Security researchers say they discovered several vulnerabilities and security lapses in Kaspersky Lab’s my.kaspersky.com web portal earlier this month, adding that the flaws exposed users to potential session hijackings and account takeovers.
According to a new report from the cybersecurity firm LMNTRIX – shared first with SC Media – the issues primarily were found in the processes for authentication, session management and validation, and password changes. The researchers say the problems were remedied following private notification, yet Kaspersky Lab is denying that most of the issues existed in the first place.
More specifically, the LMNTRIX report notes that my.kaspersky.com suffered from a lack of protections against automated brute force and credential stuffing attacks (which can lead to an account takeover), allowed weak or default passwords (such as admin/admin), employed insecure credentials recovery processes (e.g. knowledge-based security questions), and had missing or ineffective multi-factor authentication.
Problems with the session IDs reportedly included exposed IDs in the URL, failure to rotate the IDs after a successful log-in, and a failure to invalidate a session ID after the portal visitor logs out or remains inactive for a long period of time.
In a statement provided to SC Media, Kaspersky disputes most of LMNTRIX’s account, asserting that the reported vulnerabilities “were never confirmed” in the first place, and therefore no action was taken.
Kaspersky Lab is also accusing LMNTRIX of several “misperceptions,” claiming that its web portal is protected against automated attacks by Google’s reCAPTCHA system, that knowledge-based security questions have not been used for password recovery since April 2017, and that passwords actually require at least eight symbols, including uppercase, lowercase, and numeric characters.

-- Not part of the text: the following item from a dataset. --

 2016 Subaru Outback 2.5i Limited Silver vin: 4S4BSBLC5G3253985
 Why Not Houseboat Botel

The statement further notes that the session ID problems that LMNTRIX researchers claim to have found “cannot be reproduced, and the fact that this scenario has ever been realized cannot be proven without additional information (such as logs), which the researcher has failed to provide Kaspersky Lab with.”

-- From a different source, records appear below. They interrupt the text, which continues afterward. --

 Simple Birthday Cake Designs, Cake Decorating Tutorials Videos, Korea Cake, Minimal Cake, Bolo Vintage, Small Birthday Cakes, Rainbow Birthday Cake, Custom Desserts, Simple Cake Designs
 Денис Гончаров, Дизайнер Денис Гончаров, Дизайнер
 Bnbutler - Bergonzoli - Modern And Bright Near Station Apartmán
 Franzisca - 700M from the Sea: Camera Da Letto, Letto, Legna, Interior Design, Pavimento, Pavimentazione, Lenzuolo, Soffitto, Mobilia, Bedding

Kaspersky did concede that the portal lacks multifactor authentication, which the cybersecurity company says is being implemented in all regions this year. The company also added that its My Kaspersky portal meets OWASP and CWE standards.

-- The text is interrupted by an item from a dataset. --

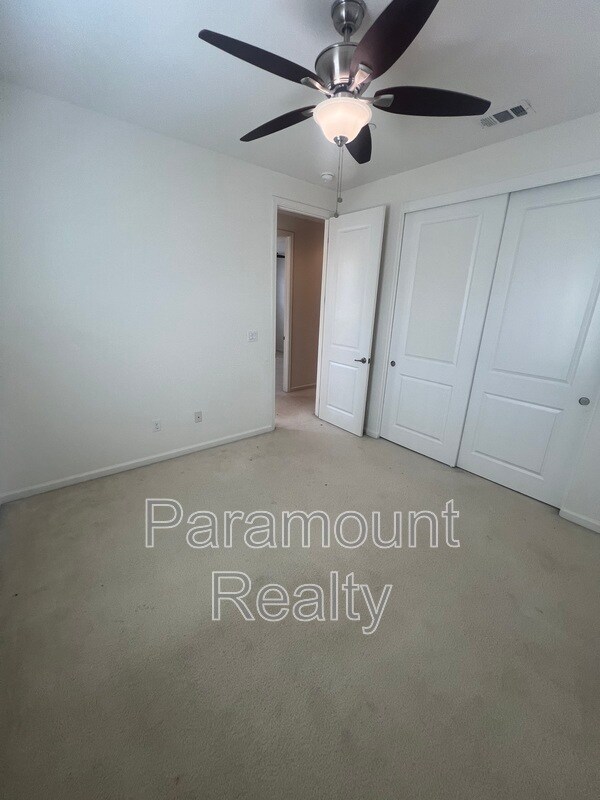 Building Photo - 2017 Tarragon Rose Ct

LMNTRIX delayed publishing its findings until Mar. 1, after engaging in further dialogue with Kaspersky. In a small update to the draft provided to SC Media, LMNTRIX acknowledged that since Feb. 10 it has not been able to reproduce the results of its findings, but contend that it’s because the issues were ultimately resolved. LMNTRIX researchers were unavailable for a phone interview.
“While some elements of this report are currently in dispute, LMNTRIX stands by its research methodology,” the online report states. “Our researchers discovered and produced the issues outlined above on February 5, 2018, and immediately reported them. We have since been coordinating with the subject of the research to reproduce the results; however [we] have been unable to do so since February 10, 2018, and therefore believe the issues have been resolved.”